From within this function, if time-domain reduction (TDR) is needed, GenX first checks whether there already is time domain clustered data (in order to avoid duplication of efforts) by running

prevent_doubled_timedomainreduction(case)

and if the function

!time_domain_reduced_files_exist(TDRpath)

returns true value, it then runs

cluster_inputs(case, settings_path, mysetup)

to generate the time-domain clustered data for the time-series. -OR- For multi-stage case:

run_genx_case_multistage!(case, mysetup, optimizer)

In this case also, the TDR clustering is done in a similar way, exxcept for the fact that if TDRSettingsDict["MultiStageConcatenate"] is set to 0, the TDR clustering is done individually for each stage. Otherwise, the clustering is done for all the stages together.
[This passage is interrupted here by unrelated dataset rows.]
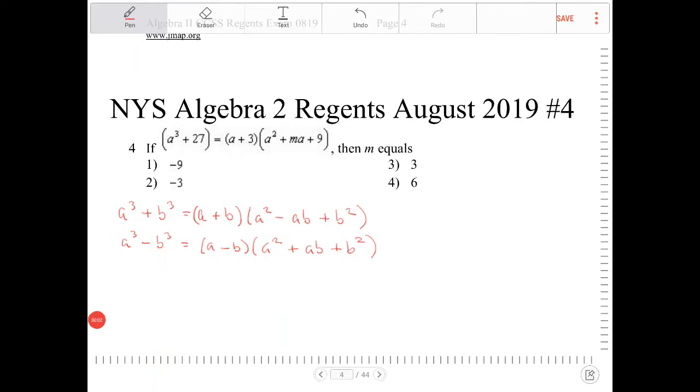If a cubed plus 27 is equal to a plus 3 times a squared plus ma plus 9, then m equals?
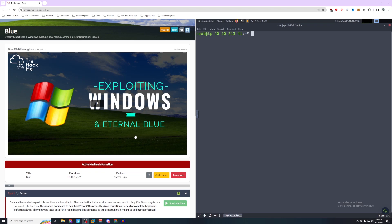Hey it's Adam and welcome back to the channel. Today we're taking a look at Blue on TryHackMe. Now this room's kind of nostalgic to me as it's one of the first rooms I actually started learning on.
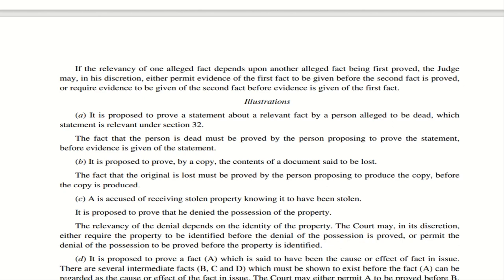Illustration B: If you go to court saying the original document is lost and you are producing a copy to prove the contents, you must first prove to the court that the original document is lost. Once the court is satisfied that the original is lost, you can then produce the copy of the document.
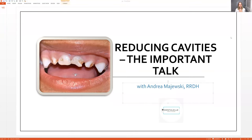Hello everybody, Andrew Majewski here with Dental L. So let's talk about how to limit cavities. This is talking about children, adults, seniors — it doesn't matter who — but just basically limiting cavities inside the mouth.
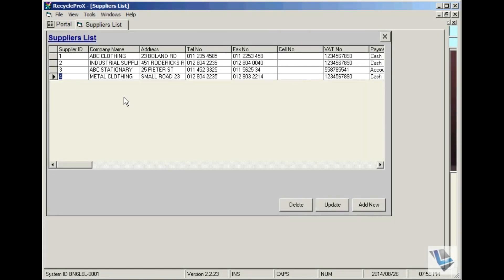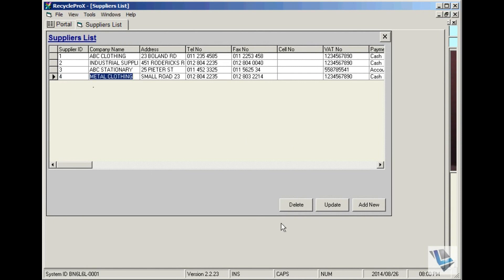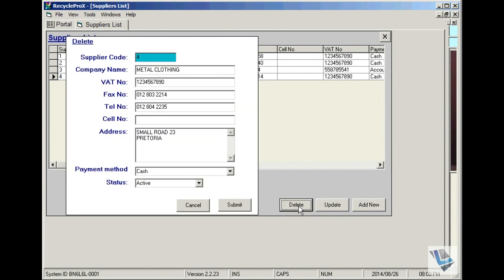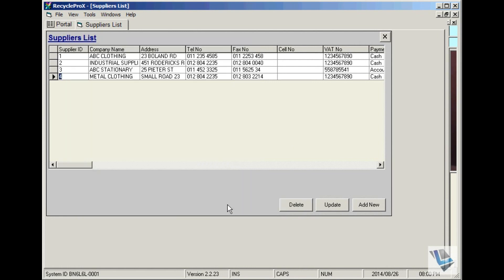If there is a supplier that you will no longer be using and you want to get rid of that supplier, just select the supplier you don't want anymore — say for instance Metal Clothing — choose Delete, make sure it's the right account, say Submit, and the account is now being deleted.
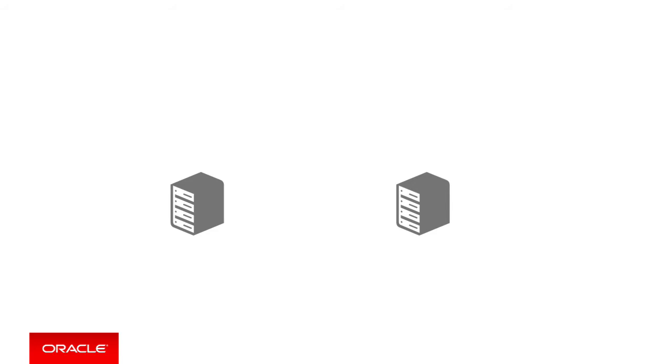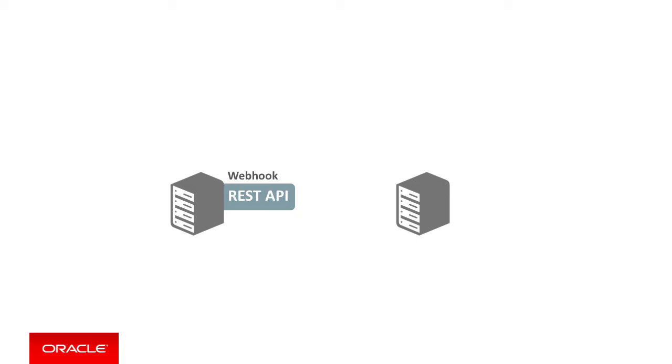So, how do we solve this? Well, the solution to this is webhooks. Rather than the server on the right publishing a REST API, which the left server has to call periodically, we set up, instead, the REST APIs in an opposite fashion. The left server sets up a REST API that the right server on raising an event is then configured to push the event data to the left server automatically once the event occurs.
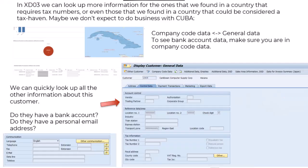If we want to look at a particular customer, we can pick one. Here I just picked Cuba — I clicked on Cuba on the map, and I can see there are two customers in Cuba. I'm going to look one of them up using XD03, and I'm going to double-check, because we always want to double-check this stuff to make sure we're correct.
The next step is configuring the solver, which is done by

OPTIMIZER = configure_solver(settings_path, optimizer)

The call to configure_solver first gets the particular solver that is being used to solve the particular case at hand, which then calls a function specific to that solver in order to use either the default values of the solver settings parameter or, any other set of values, specified in the settings YAML file for that particular solver.

The configuration of solver is followed by loading the input files by running the following function:

myinputs = load_inputs(mysetup, case)

The above function in its turn calls separate functions to load different resources, demand data, fuels data etc. and returns the dictionary myinputs populated by the input data. The next function call is to generate the model

time_elapsed = @elapsed EP = generate_model(mysetup, myinputs, OPTIMIZER)
println("Time elapsed for model building is")
println(time_elapsed)

The above function call instantiates the different decision variables, constraints, and objective function expressions from the input data. It can be seen that we also keep track of the time required to build the model. Follwoing this, the solve_model function makes the call to the solver and return the results as well as the solve time.
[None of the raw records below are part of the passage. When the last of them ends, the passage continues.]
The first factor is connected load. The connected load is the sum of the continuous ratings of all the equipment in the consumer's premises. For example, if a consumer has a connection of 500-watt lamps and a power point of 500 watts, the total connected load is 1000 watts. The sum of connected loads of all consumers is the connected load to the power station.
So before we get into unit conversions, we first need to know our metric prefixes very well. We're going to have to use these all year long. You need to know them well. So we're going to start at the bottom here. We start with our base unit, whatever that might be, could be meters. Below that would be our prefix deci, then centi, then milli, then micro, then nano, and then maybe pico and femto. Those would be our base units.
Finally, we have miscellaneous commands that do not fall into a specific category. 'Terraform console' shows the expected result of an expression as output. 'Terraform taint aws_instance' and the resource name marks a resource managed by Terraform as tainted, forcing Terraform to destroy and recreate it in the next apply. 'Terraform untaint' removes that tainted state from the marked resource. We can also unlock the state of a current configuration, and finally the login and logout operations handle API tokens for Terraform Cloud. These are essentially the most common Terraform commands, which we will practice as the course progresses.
EP, solve_time = solve_model(EP, mysetup)
myinputs["solve_time"] = solve_time # Store the model solve time in myinputs

For writing the results, we invoke the following function:

outputs_path = get_default_output_folder(case)
elapsed_time = @elapsed outputs_path = write_outputs(EP, outputs_path, mysetup, myinputs)

The call to the writeoutputs() function in turn calls a series of functions (writecapacity, write_power etc.) each of which querries the respective decision variables and creates dataframes, eventually outputting the results to separate CSV files.

Single and Multi-stage investment planning

In addition to the standard single-stage planning mode, in which the produces a single snapshot of the minimum-cost generation capacity mix to meet demand at least cost under some pre-specified future conditions, recent improvements in the GenX source code (part of v0.3 release) enable its use for studying long-term evolution of the power system across multiple investment stages. GenX can be used to study multi-stage power system planning in the following two ways:

  • The user can formulate and solve a deterministic multi-stage planning problem with perfect foresight i.e. demand, cost, and policy assumptions about all stages are known and exploited to determine the least-cost investment trajectory for the entire period. The solution relies on exploiting the decomposable nature of the multi-stage problem via the implementation of the dual dynamic programming algorithm, described in Lara et al. 2018 here.

  • The user can formulate a sequential, myopic multi-stage planning problem, where the model solves a sequence of single-stage investment planning problems wherein investment decisions in each stage are individually optimized to meet demand given assumptions for the current planning stage and with investment decisions from previous stages treated as inputs for the current stage. We refer to this as "myopic" (or shortsighted) mode since the solution does not account for information about future stages in determining investments for a given stage. This version is generally more computationally efficient than the deterministic multi-stage expansion with perfect foresight mode.